## [SOURCE RECORDS]
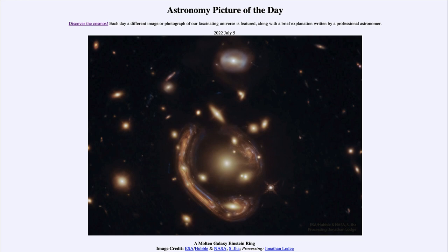So that was our picture of the day for July 5th of 2022, titled 'A Molten Galaxy Einstein Ring.' We'll be back again tomorrow for the next picture, previewed to be star streamers, so we'll see what that is about tomorrow. Until then, have a great day everyone, and I will see you in class.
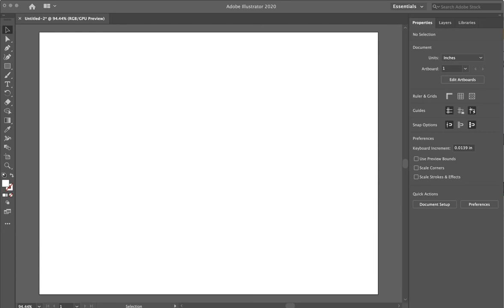In this video I'm going to show you how to take a drawing that you or a student drew and put it into Adobe Illustrator to turn it into a black and white digital file.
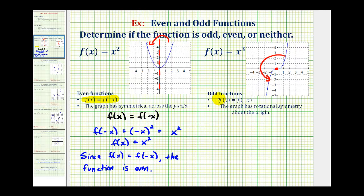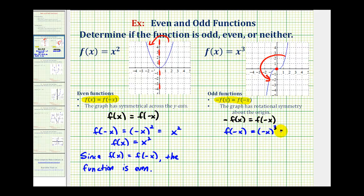To verify this algebraically, we need to show that -f(x) is equal to f(-x). Starting with the right side, we determine f(-x) by replacing x with -x in our function, giving us (-x)³. Since we'd have three negatives being multiplied together, this ends up being -x³. For -f(x), we change the sign of our function, so the opposite of f(x) equals -x³. Since -f(x) equals f(-x) — they're both -x³ — we verify that this function is odd.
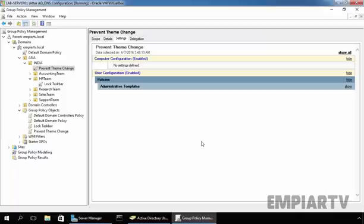GPO Inheritance lets the administrator set a common set of policy at the Domain Level or Site Level and configure more specific policy at the OU Level.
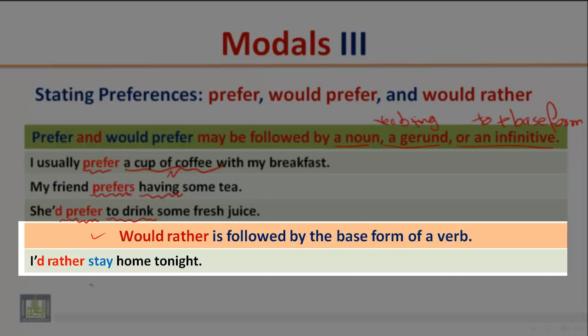'Would rather' is followed by the base form of a verb. Example: 'I'd rather stay home tonight.' After 'would rather,' we use the base form of the verb.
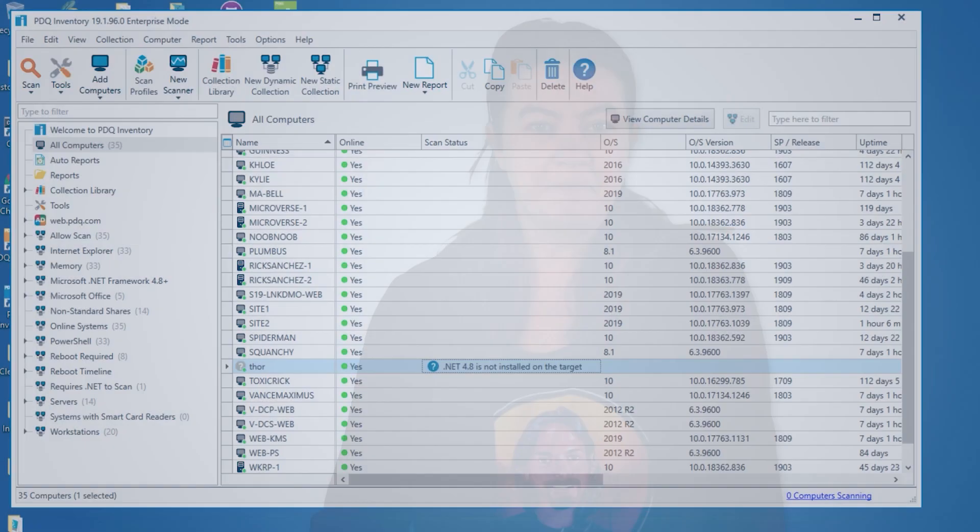Hi, I'm Katie from PDQ.com, and I'm here today to talk to you about the new .NET framework requirements for PDQ inventory.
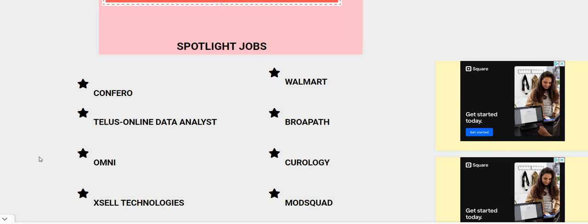But before I jump in, make sure you guys smash their red subscribe button, turn on their bell notification, thumbs up the video, and share the video.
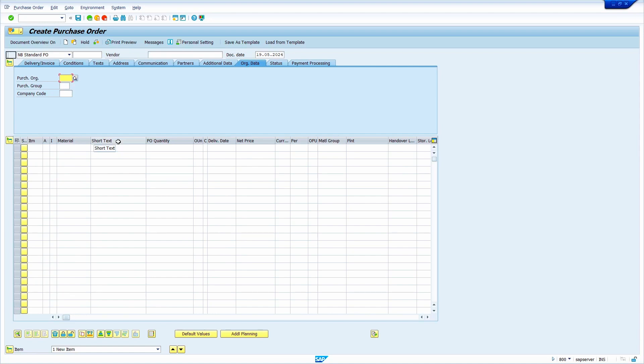Okay, without any further ado, let's get started. In this case, user wants to arrange in the first column material, PO quantity, delivery date, net price, and plant. So material is already there in the correct position.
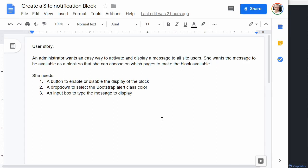I want to create a site notification block. The user story is that an administrator wants an easy way to activate and display a message to all of the site users on a Moodle website.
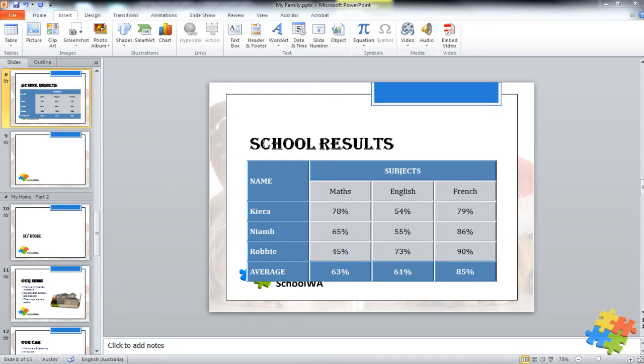Another way we can put a table is to copy and paste from Excel. Now if you haven't done the Excel course yet, don't worry. We'll just give you a quick overview of what Excel is.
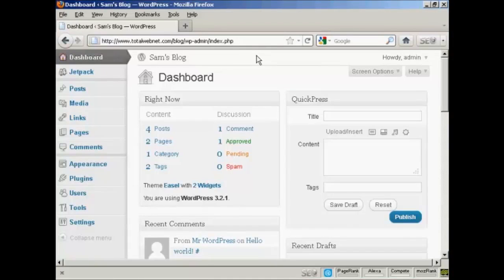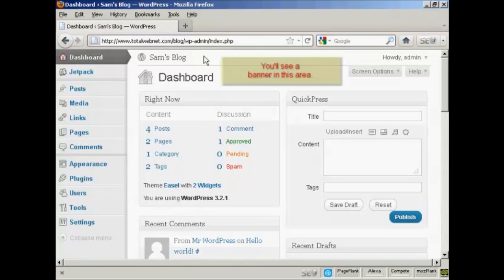WordPress is configured to notify you whenever any updates are available, and you'll get a banner that will appear here on the dashboard that will tell you that there is an update available.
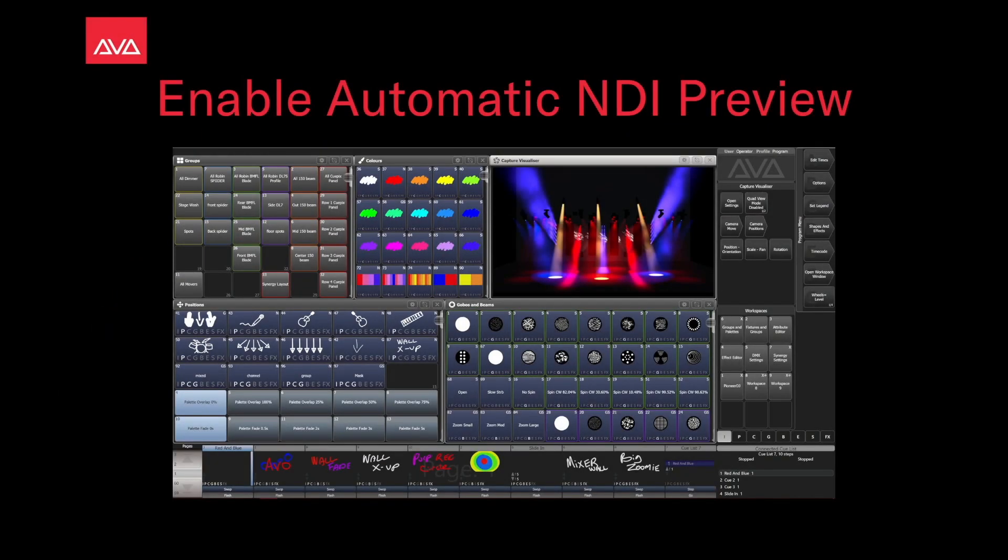Hey everybody and welcome back to Mission Control for an AI Quick Tips video. In this video we're going to talk about enabling Automatic NDI Preview.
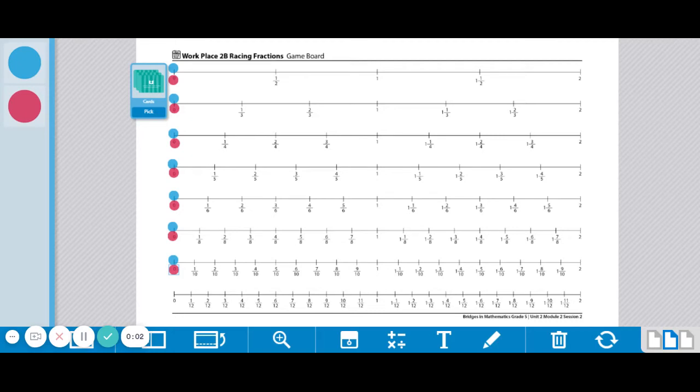These are the instructions for Workplace 2B Racing Fractions. Each pair of players needs one Racing Fractions game board, one Racing Fractions record sheet,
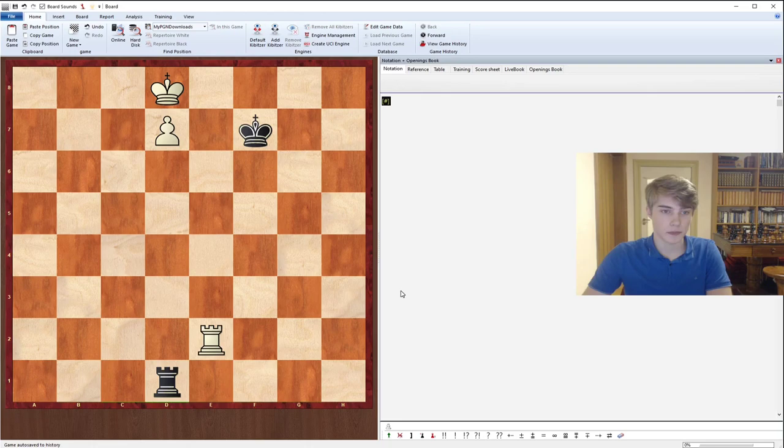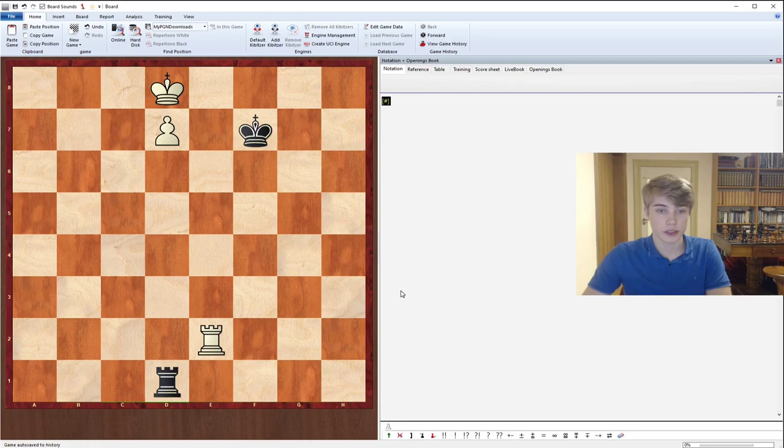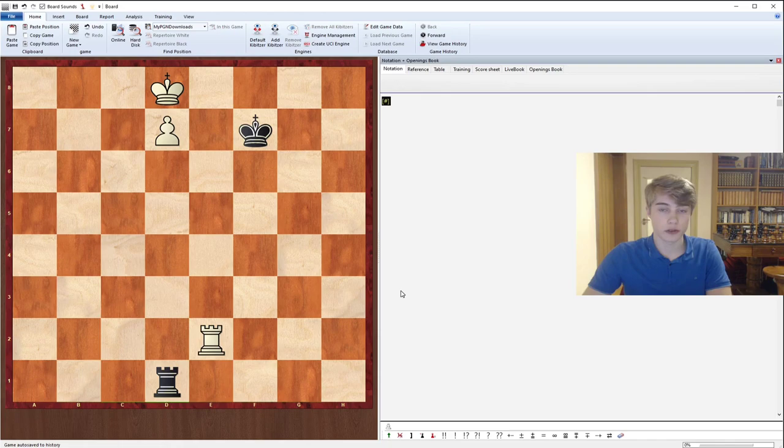So we'll start out with the Lucena position, the position you can see on the board where we will be trying to build a bridge to convert this endgame. And from here on we'll move to topics like the Philidor defense, the Vancura position, and much more.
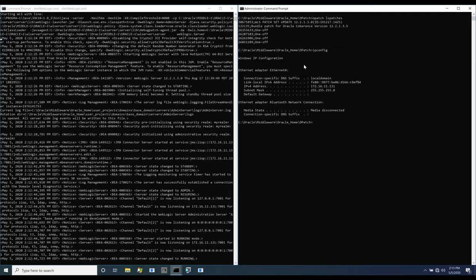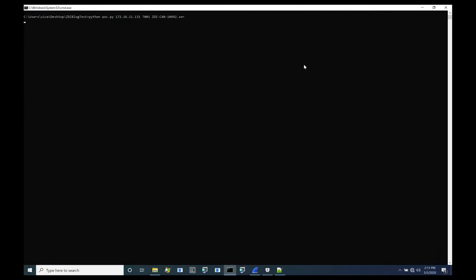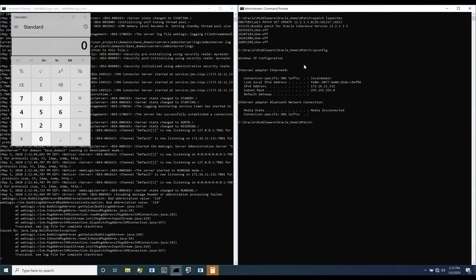From our attacker system, we use a gadget chain constructed with the Abstract Extractor class to embed a specially crafted object in the T3 protocol. Checking the target,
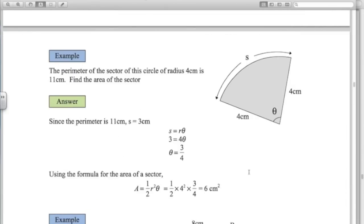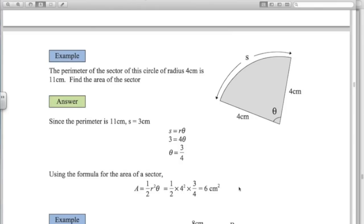Second example: the perimeter of the sector is 11 centimetres and we want to find the area. First, we find the angle. The perimeter includes the two radii, so 4 plus 4 plus the arc equals 11, meaning the arc length is 3 centimetres. Using S equals R theta: 3 equals 4 times theta, so the angle is 3 quarters radians — about 0.75 radians, which is around 57.3 degrees for one radian. Now using A equals half R squared theta: half times 4 squared times 3 quarters gives an area of 6 centimetres squared.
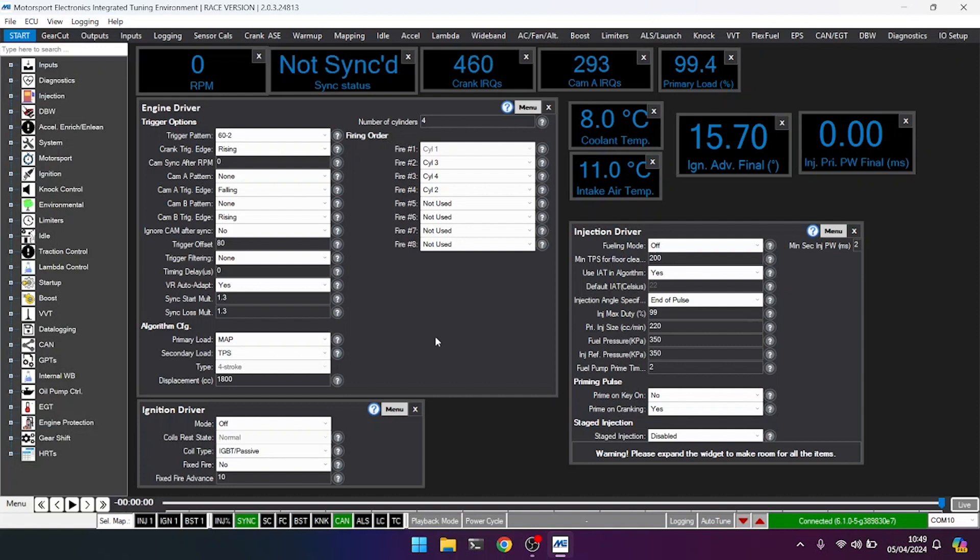Okay, so we see the crank IRQs increase. We had about 460 teeth fly past our sensor when we did that short cranking time. But we never gained synchronization and we never got an RPM appear either.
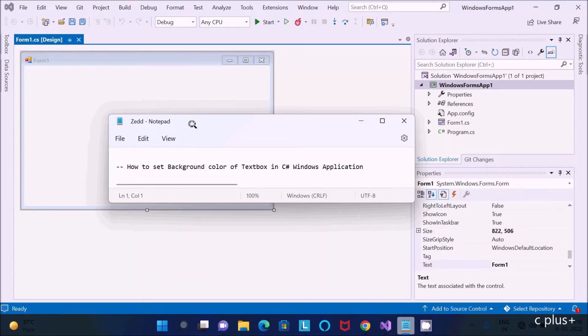In this video, I'm going to discuss how to set the background color of a text box in a C# Windows application.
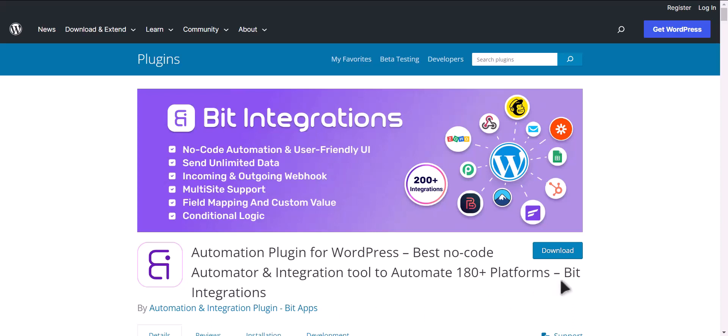I am utilizing the Bit Integrations plugin to establish a connection between these two platforms.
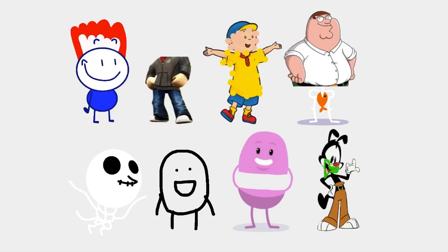so many dumb ways to die, dumb ways to die, so many dumb ways to die. Invite a psycho killer inside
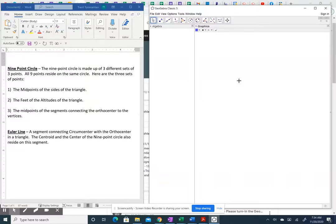In this video, we're going to talk about the nine-point circle and the Euler line, and I'm going to draw them as we go to illustrate it on GeoGebra.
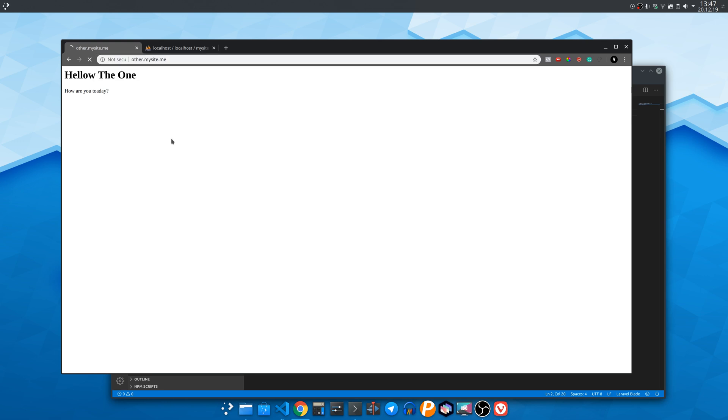And if we write something that is not found in the database as we write here it shows the tenant not found page.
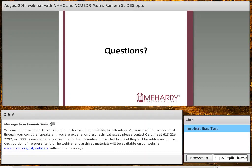I don't see any more questions. Thank you all for presenting today. We'd like to remind you that this presentation will be archived on our website, nhchc.org, within three business days, and the link will be sent out to all registrants once it's posted. As we close out the webinar, there will be an evaluation for this presentation — please complete it, as it gives us feedback to improve your webinar experience. With that, I want to thank our presenters: Dr. Brown, Dr. DiPietro, Dr. Morris, and Dr. Ramesh for your time and the information. The meeting is now closed. Thank you.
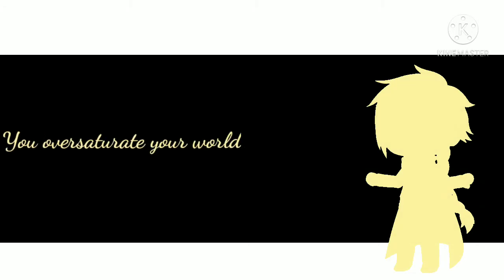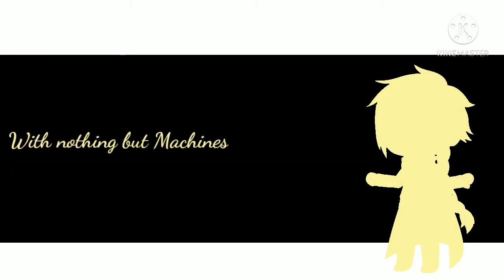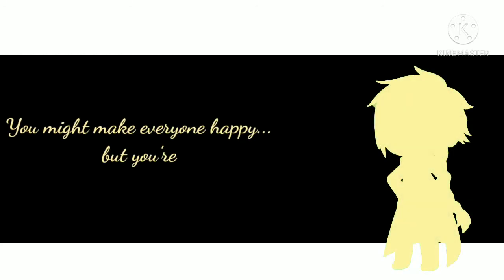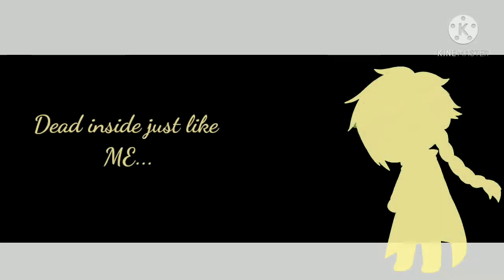You've oversaturated your world with nothing but machines. You might make everyone happy, but you're dead inside just like me.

## [GOAL OF THE EXERCISE]
Each line from the top of the material through the line containing "In this video I'm" should be reproduced exactly; please drop any images.

## [SOLVED PROBLEM]
So that was our picture of the day for July 5th of 2022, titled 'A Molten Galaxy Einstein Ring.' We'll be back again tomorrow for the next picture, previewed to be star streamers, so we'll see what that is about tomorrow. Until then, have a great day everyone, and I will see you in class.
In this video I'm going to show you how to take a drawing that you or a student drew and put it into Adobe Illustrator to turn it into a black and white digital file.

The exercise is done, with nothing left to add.